» Data extracts:
--- START ---

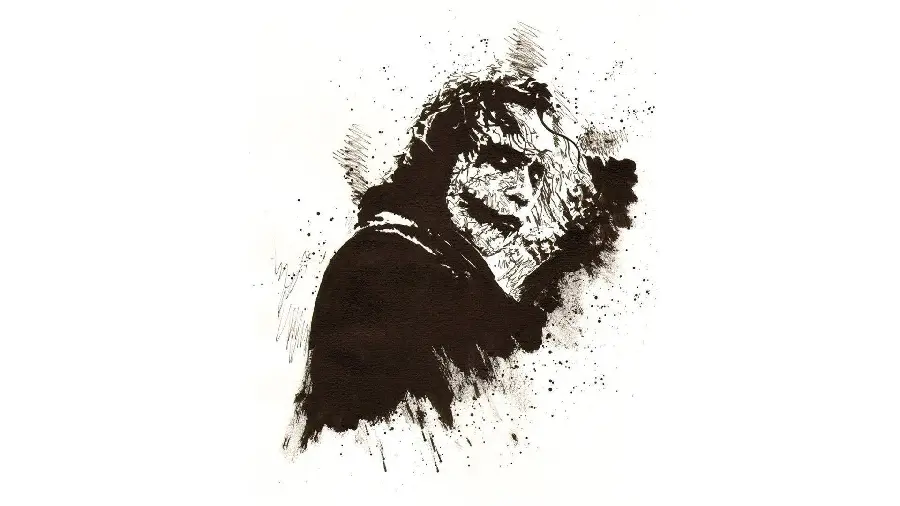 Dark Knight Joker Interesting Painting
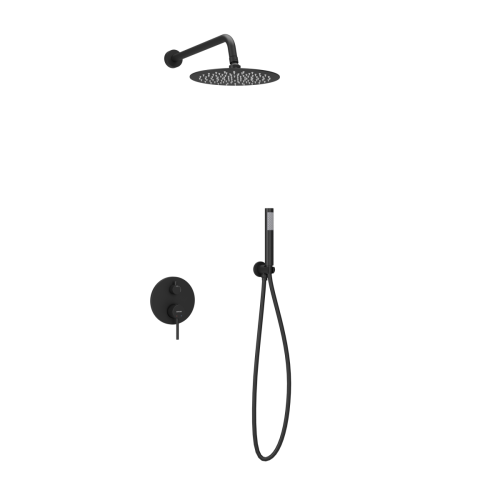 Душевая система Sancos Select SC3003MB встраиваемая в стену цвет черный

--- END ---
--- START ---

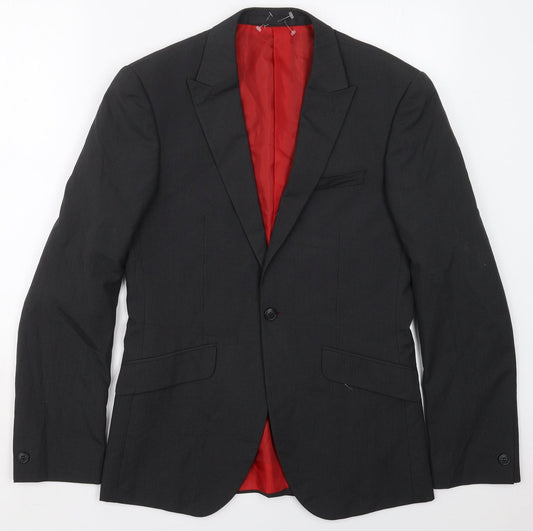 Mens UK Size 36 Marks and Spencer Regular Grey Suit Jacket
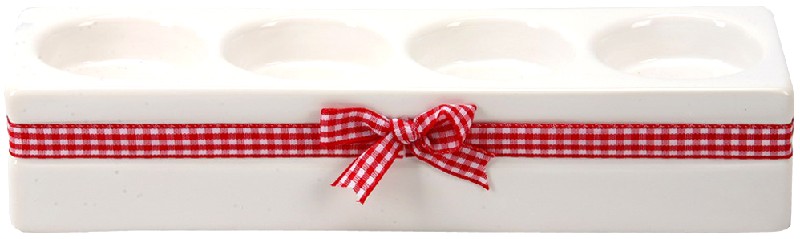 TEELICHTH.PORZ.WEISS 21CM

--- END ---

» What the task requires: Only one stretch of the entries above is needed: the lines from the one containing "Dark Knight Joker Interesting Painting" through the one containing "Душевая система Sancos". Copy it exactly, without the pictures.

» Result below:
 Dark Knight Joker Interesting Painting
 Душевая система Sancos Select SC3003MB встраиваемая в стену цвет черный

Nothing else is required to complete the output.